**Task goal:** What you return should be the lines from the one with "BOGS Youth‎ Neoclassic" through the one with "KUNCI L SET" in the data below, reproduced exactly with both ends, and no pictures at all.

**Information provided:**
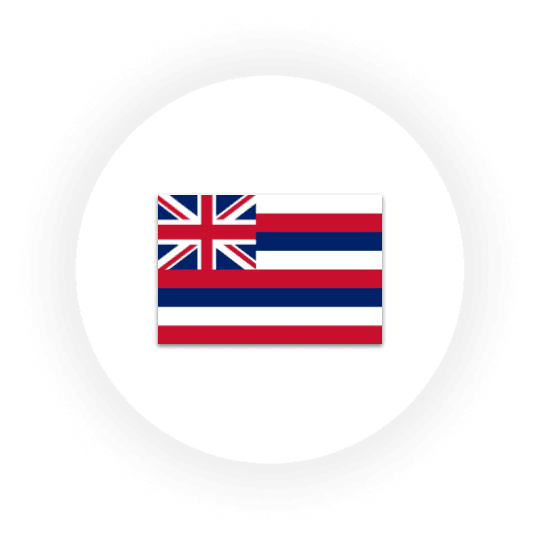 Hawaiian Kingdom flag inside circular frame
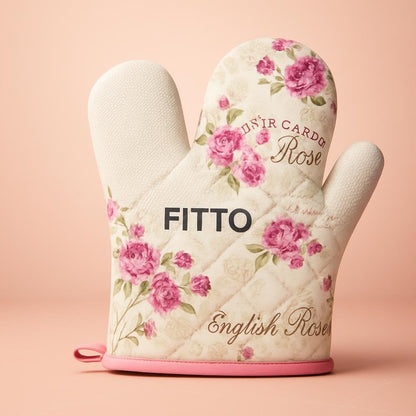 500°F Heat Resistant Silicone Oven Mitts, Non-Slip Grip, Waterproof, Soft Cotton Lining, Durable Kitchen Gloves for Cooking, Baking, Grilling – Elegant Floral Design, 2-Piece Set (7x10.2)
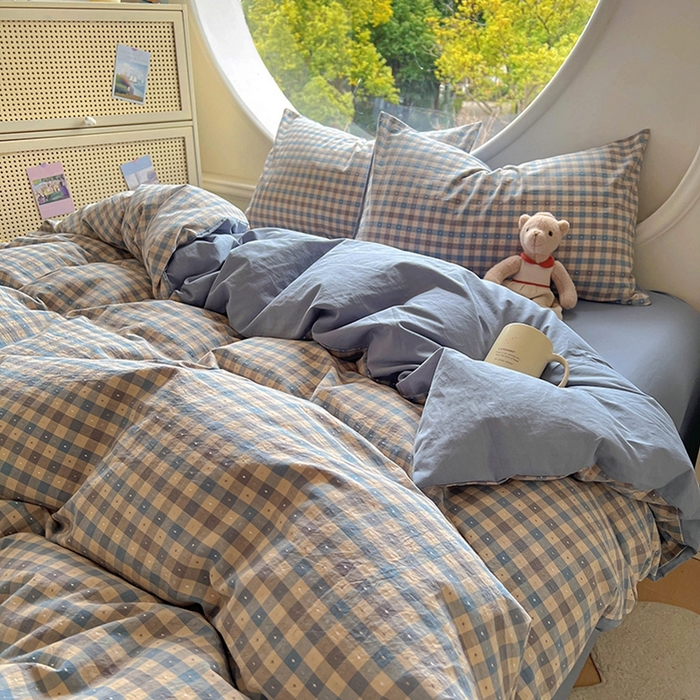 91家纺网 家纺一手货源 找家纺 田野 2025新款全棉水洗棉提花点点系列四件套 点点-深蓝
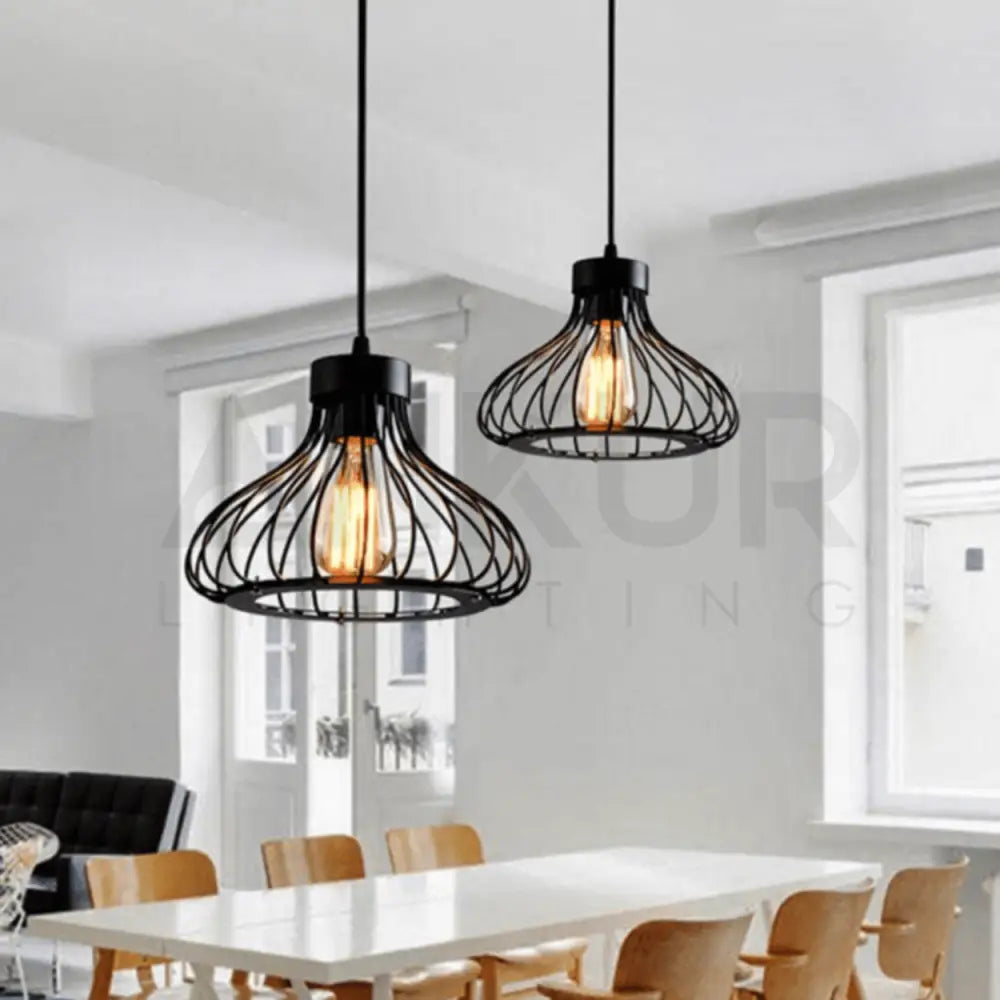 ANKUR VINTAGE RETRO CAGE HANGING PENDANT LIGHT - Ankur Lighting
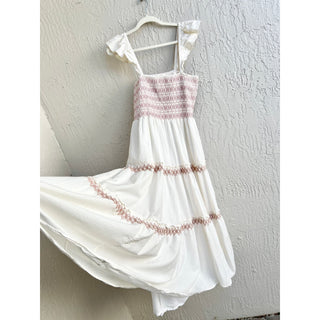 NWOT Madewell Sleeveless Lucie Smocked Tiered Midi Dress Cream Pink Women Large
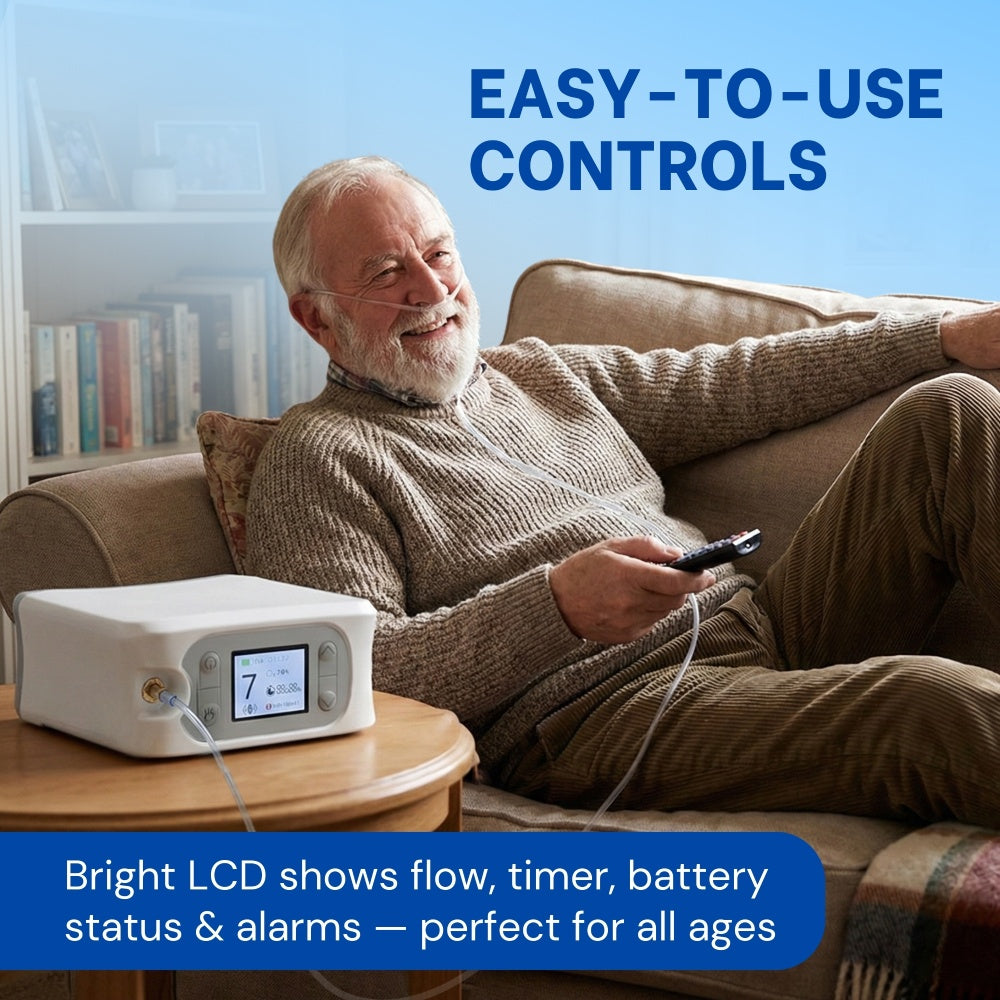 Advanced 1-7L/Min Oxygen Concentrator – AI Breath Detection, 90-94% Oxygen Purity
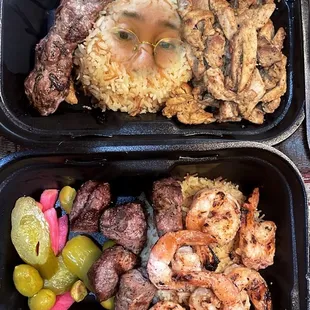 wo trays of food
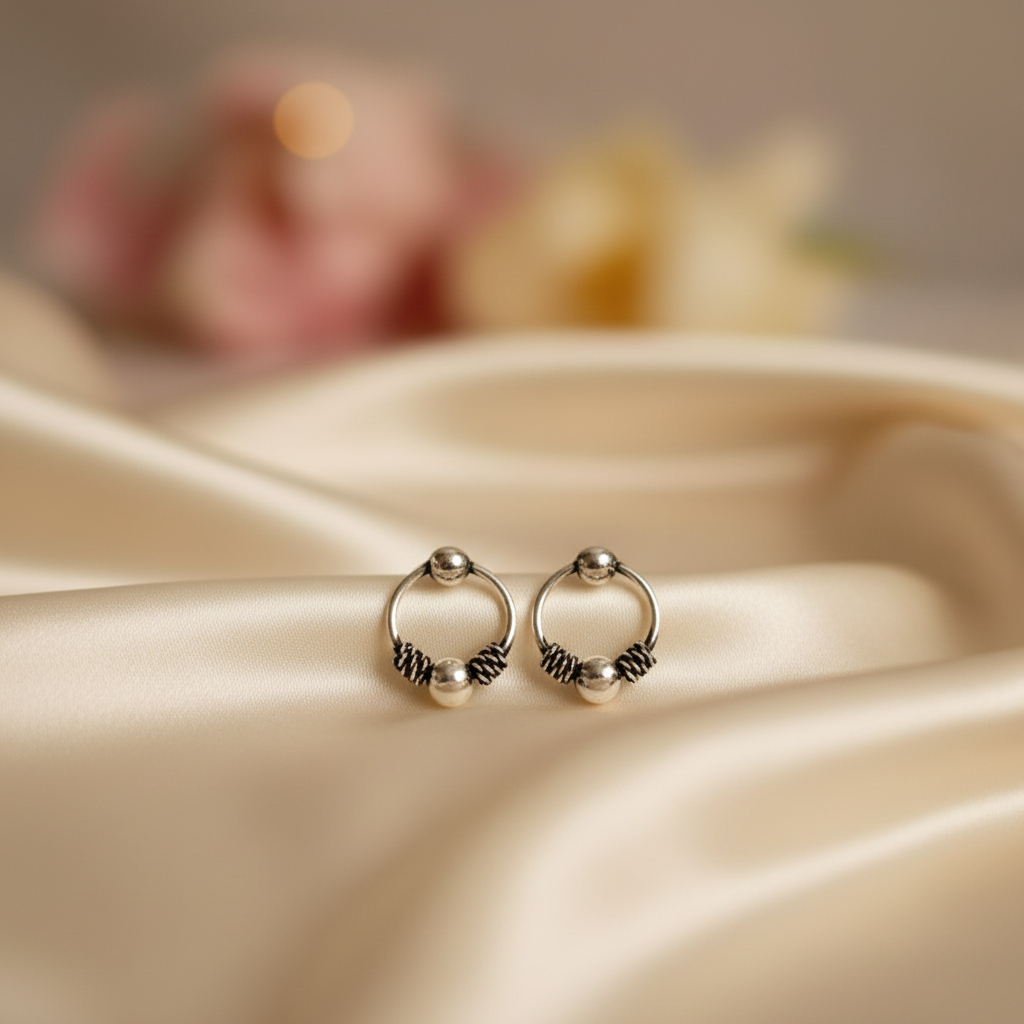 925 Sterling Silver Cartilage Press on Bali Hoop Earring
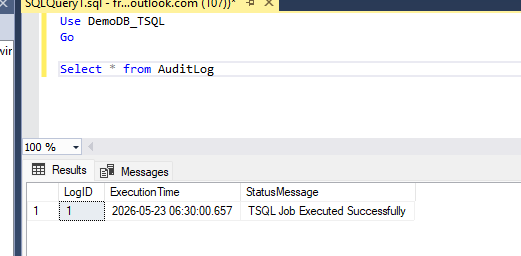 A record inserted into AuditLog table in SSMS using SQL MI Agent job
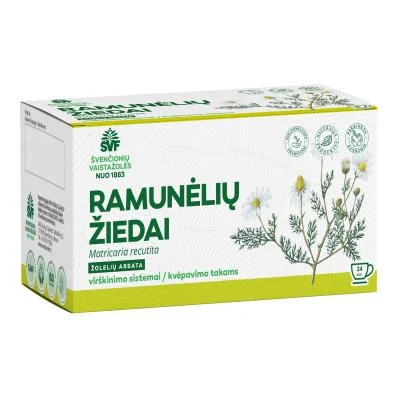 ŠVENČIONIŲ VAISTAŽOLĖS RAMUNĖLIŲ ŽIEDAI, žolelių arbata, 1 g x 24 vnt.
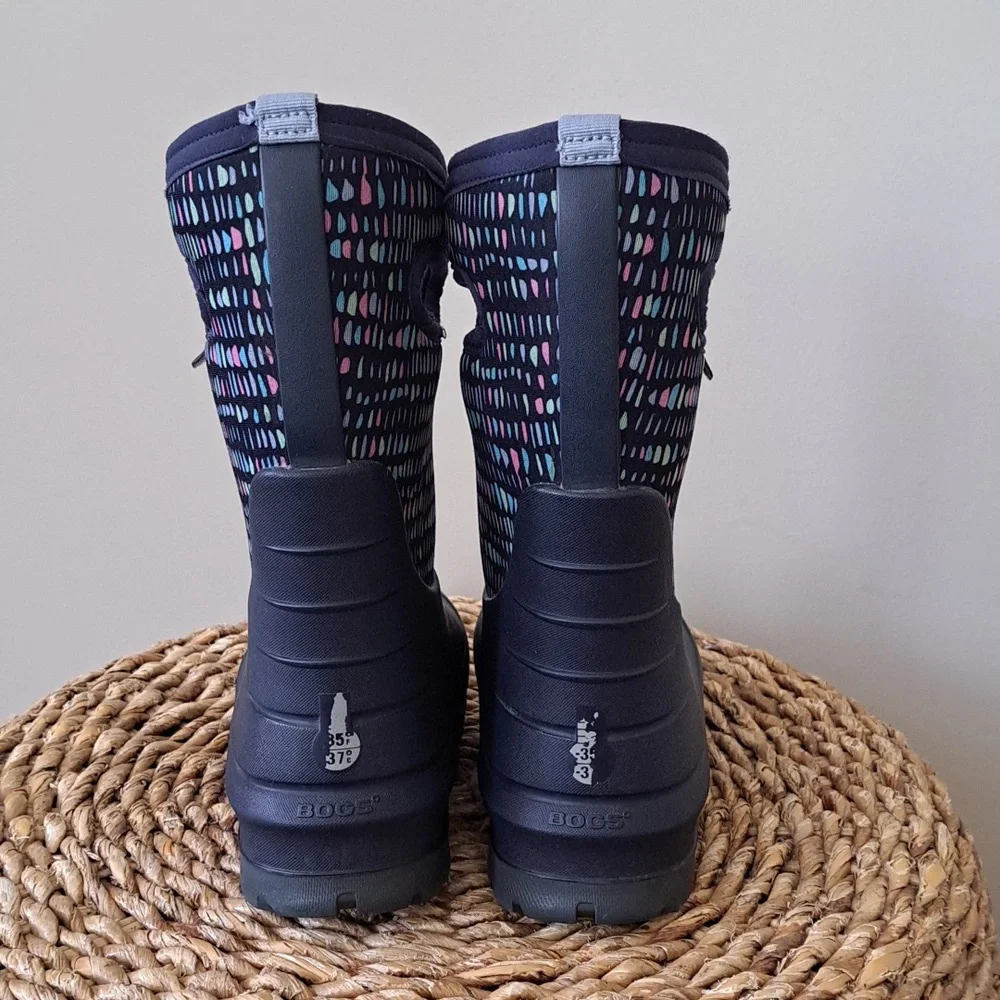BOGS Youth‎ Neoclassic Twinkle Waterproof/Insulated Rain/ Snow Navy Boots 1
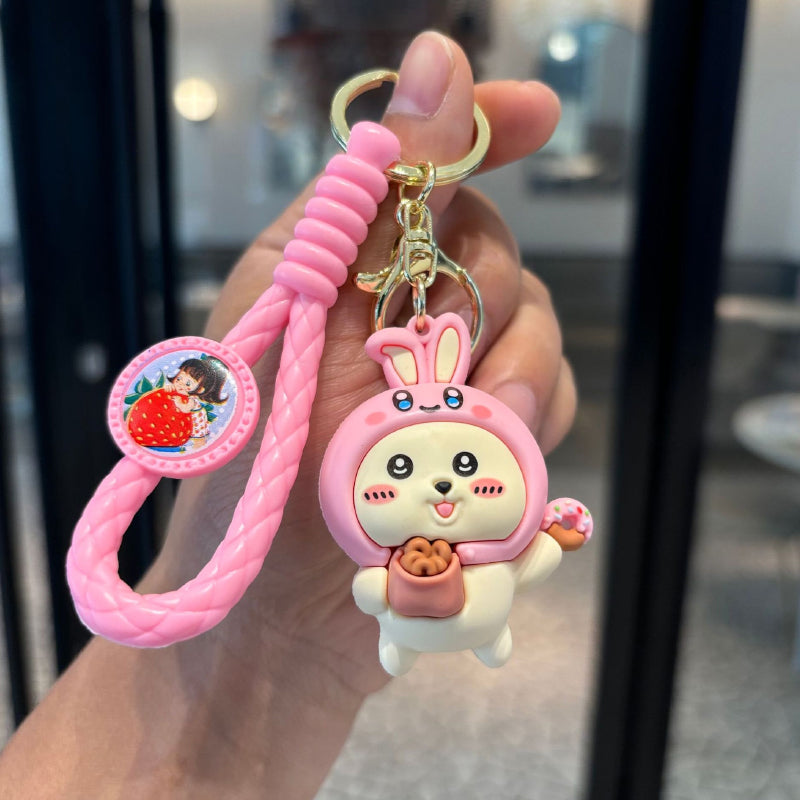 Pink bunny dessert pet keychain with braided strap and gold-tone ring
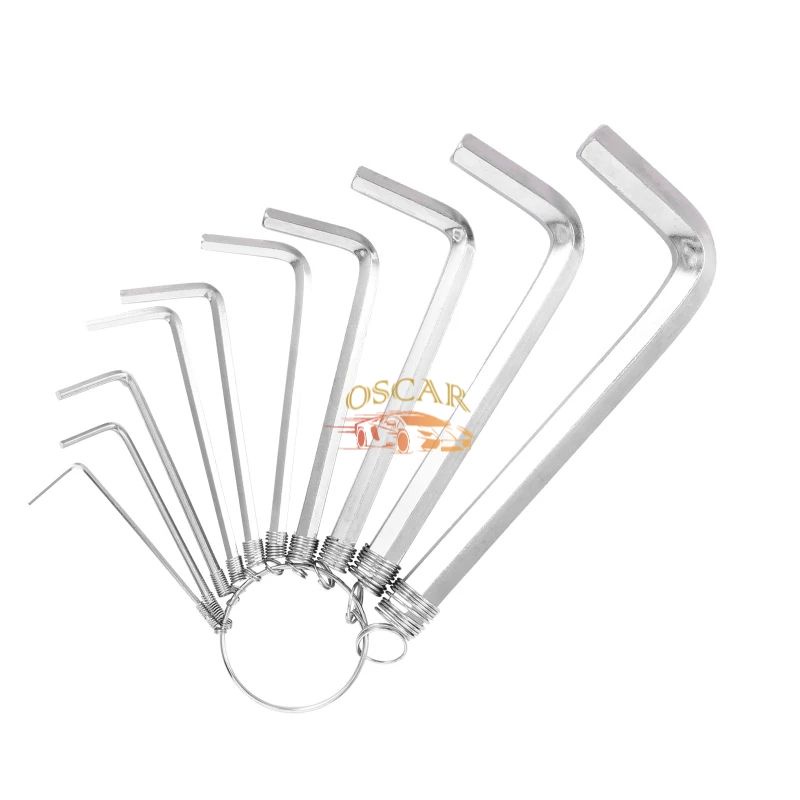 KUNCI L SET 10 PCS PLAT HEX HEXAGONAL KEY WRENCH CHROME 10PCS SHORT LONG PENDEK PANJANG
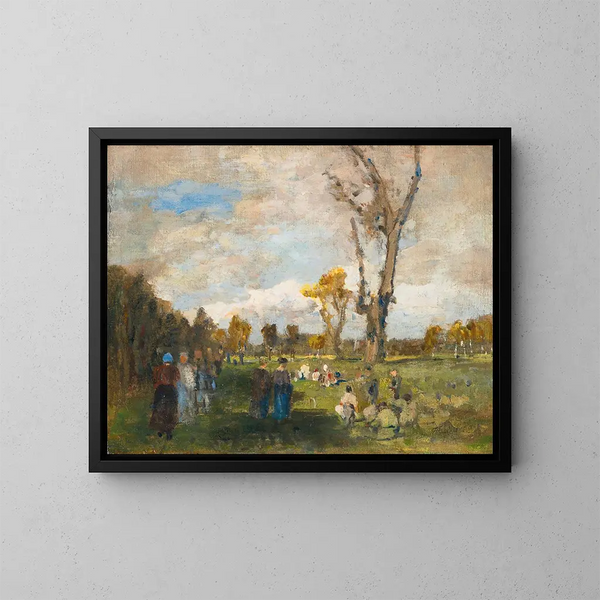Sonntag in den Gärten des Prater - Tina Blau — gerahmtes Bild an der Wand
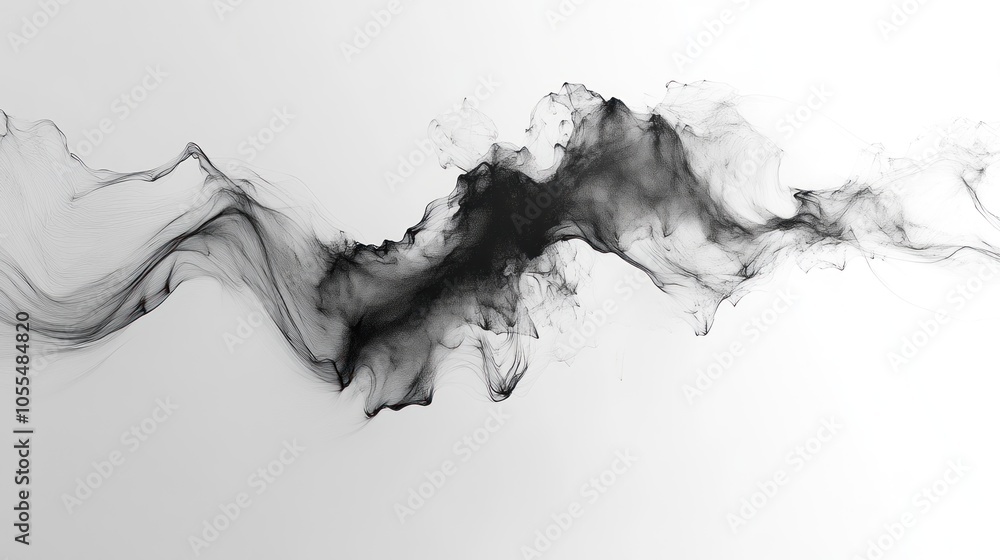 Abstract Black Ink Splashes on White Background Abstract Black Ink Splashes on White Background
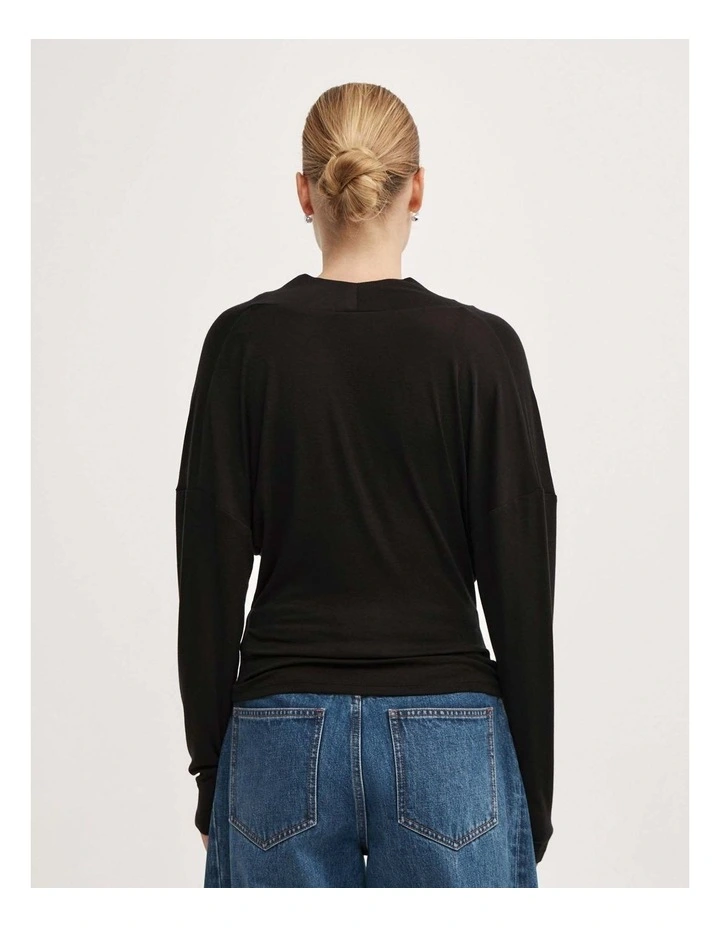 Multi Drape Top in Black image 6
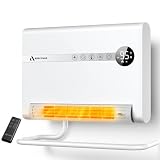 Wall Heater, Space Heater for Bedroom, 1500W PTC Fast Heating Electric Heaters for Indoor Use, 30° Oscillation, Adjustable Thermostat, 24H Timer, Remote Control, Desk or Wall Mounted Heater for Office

**Result below:**
BOGS Youth‎ Neoclassic Twinkle Waterproof/Insulated Rain/ Snow Navy Boots 1
 Pink bunny dessert pet keychain with braided strap and gold-tone ring
 KUNCI L SET 10 PCS PLAT HEX HEXAGONAL KEY WRENCH CHROME 10PCS SHORT LONG PENDEK PANJANG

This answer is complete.